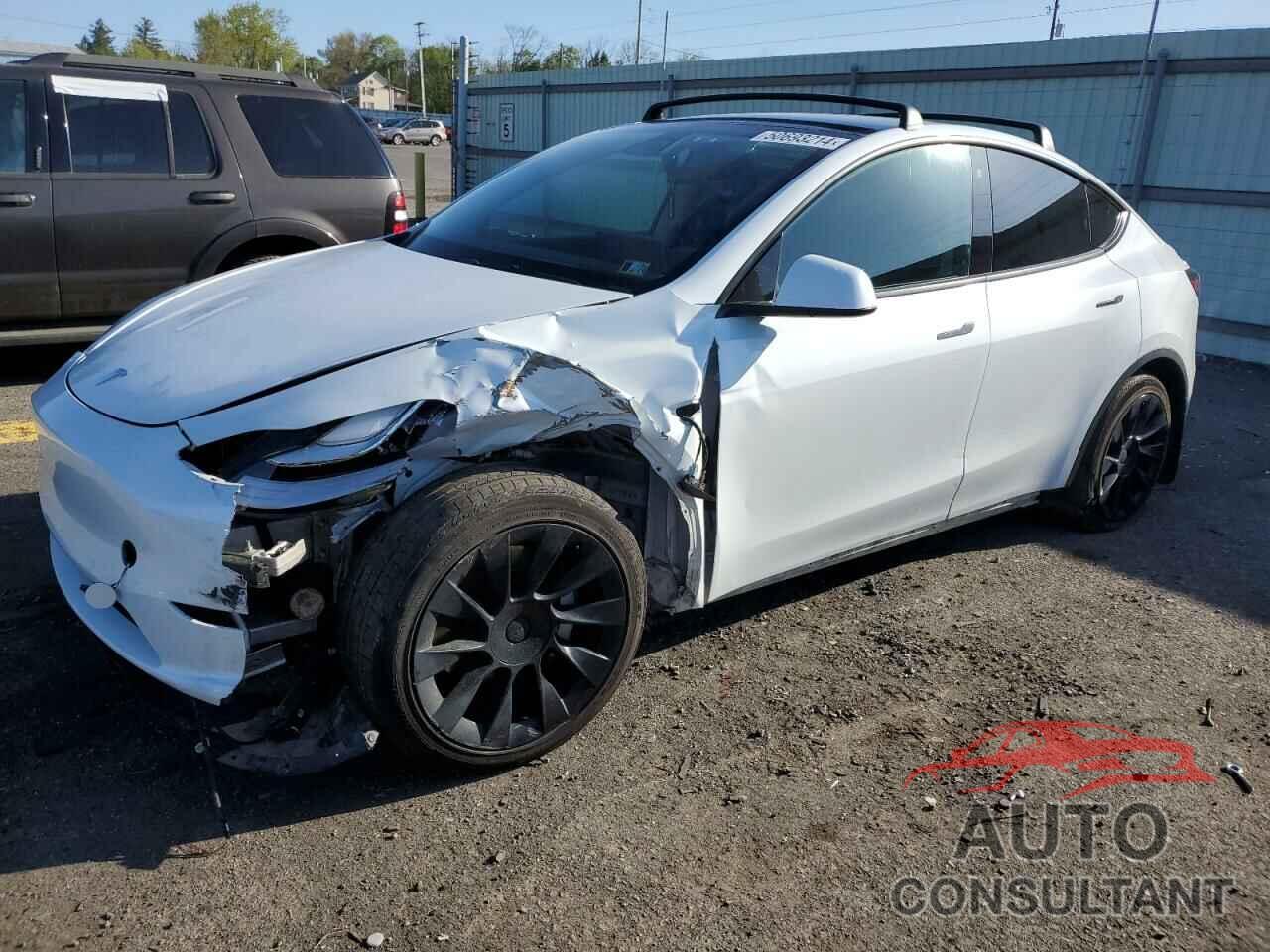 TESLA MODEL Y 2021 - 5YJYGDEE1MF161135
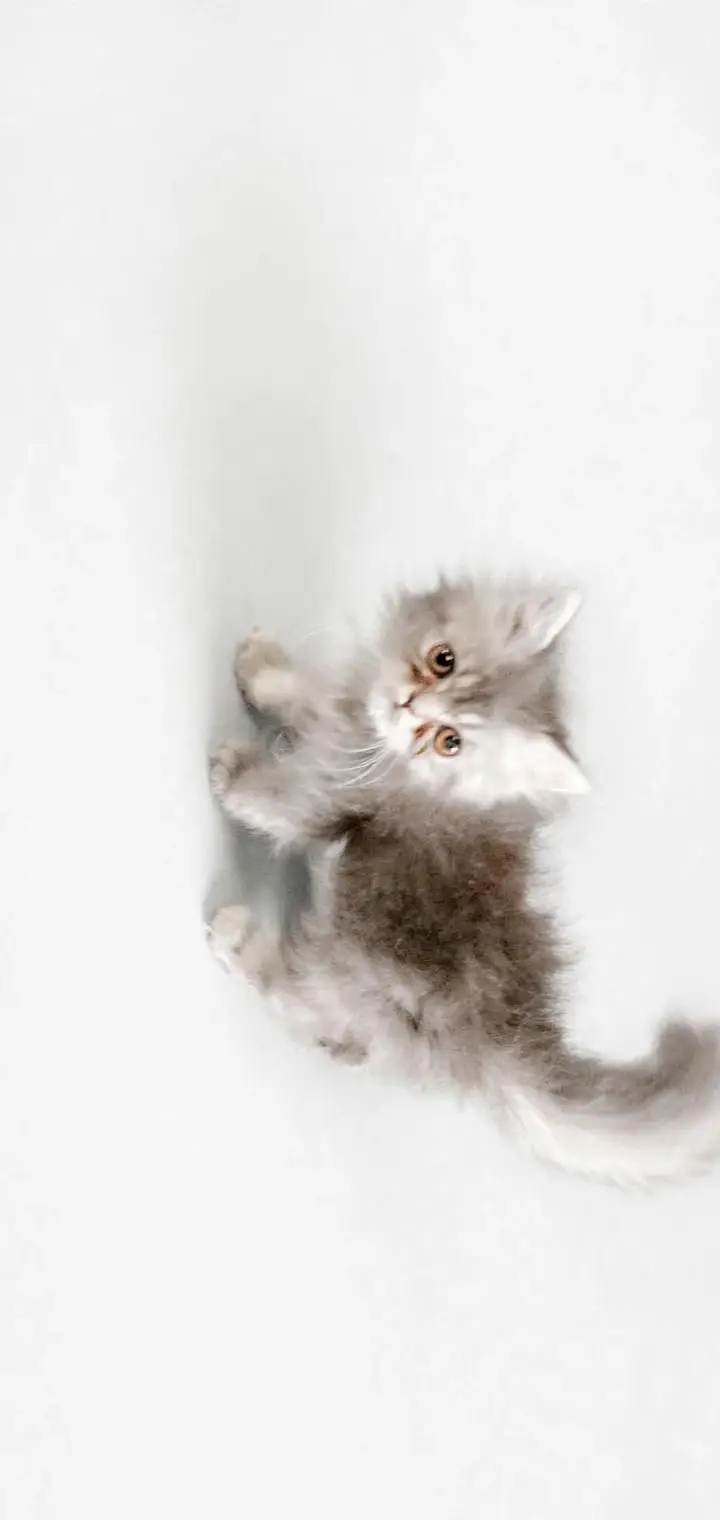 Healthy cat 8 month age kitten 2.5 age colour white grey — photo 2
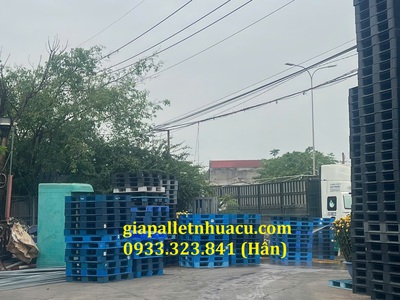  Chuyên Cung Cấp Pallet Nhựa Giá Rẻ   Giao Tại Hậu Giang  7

- _PROBLEM TO WORK ON_:
Print the whole listing again exactly, please. No pictures.

- _SOLUTION TO THIS EXERCISE_:
 TESLA MODEL Y 2021 - 5YJYGDEE1MF161135
 Healthy cat 8 month age kitten 2.5 age colour white grey — photo 2
  Chuyên Cung Cấp Pallet Nhựa Giá Rẻ   Giao Tại Hậu Giang  7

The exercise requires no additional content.